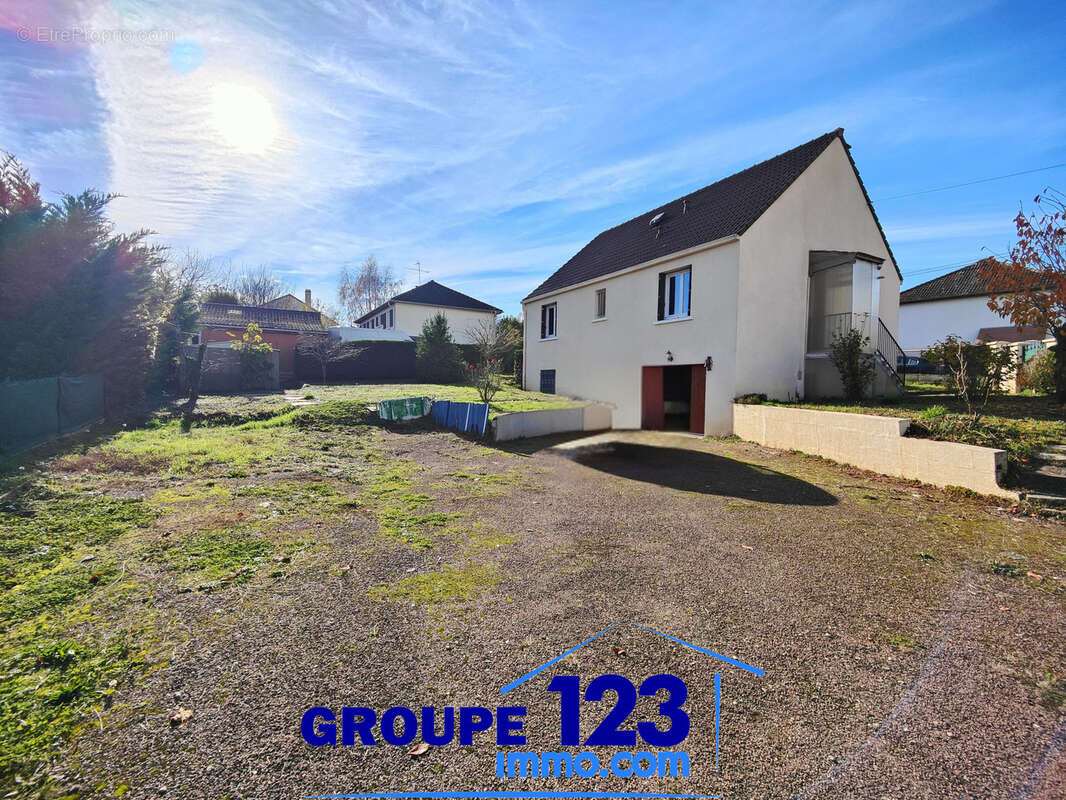 Maison sur sous-sol complet avec terrain clos - photo 15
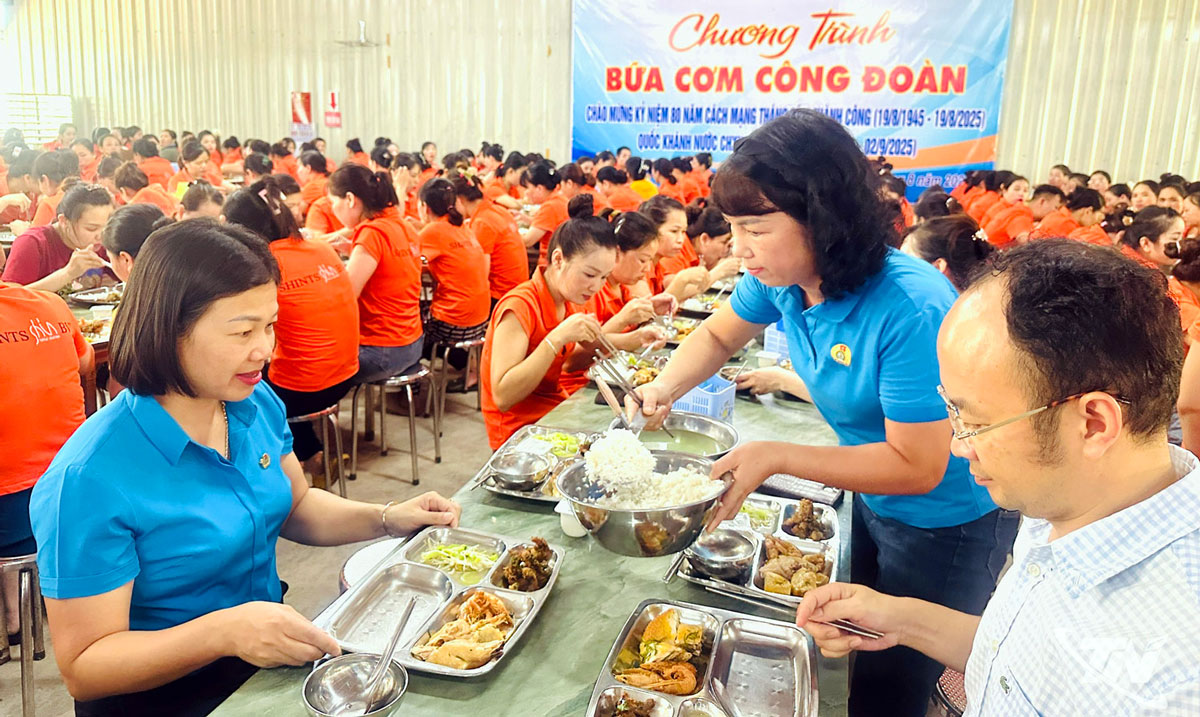 Chương trình Bữa cơm Công đoàn được tổ chức tại Công ty TNHH SHINTS BVT Chi nhánh Thái Nguyên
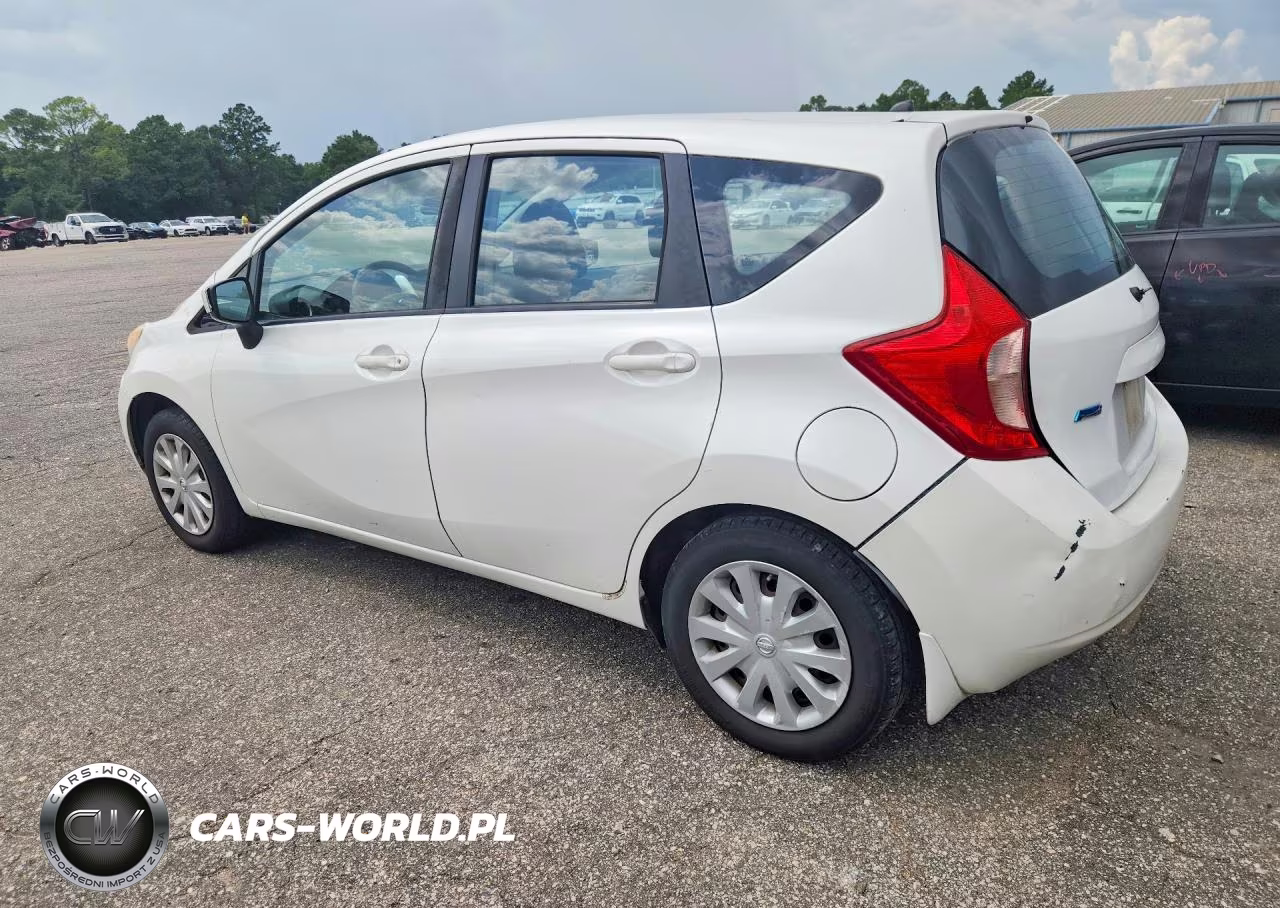 2015 Niss Versa Note VIN:3N1CE2CP2FL382405 - 2
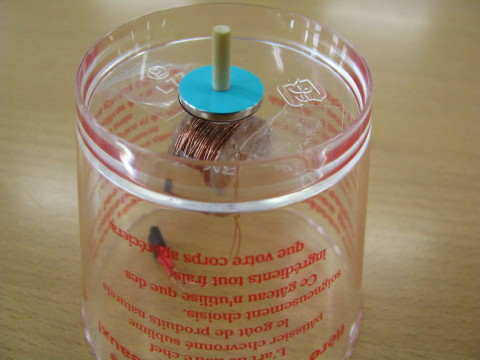 カップの上でコマを回してみた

================================

Copy, exactly and exclusively, the lines beginning with the one that contains "Chương trình Bữa" and ending with the last line of the listing; pictures are to be omitted.

EXPECTED ANSWER:
 Chương trình Bữa cơm Công đoàn được tổ chức tại Công ty TNHH SHINTS BVT Chi nhánh Thái Nguyên
 2015 Niss Versa Note VIN:3N1CE2CP2FL382405 - 2
 カップの上でコマを回してみた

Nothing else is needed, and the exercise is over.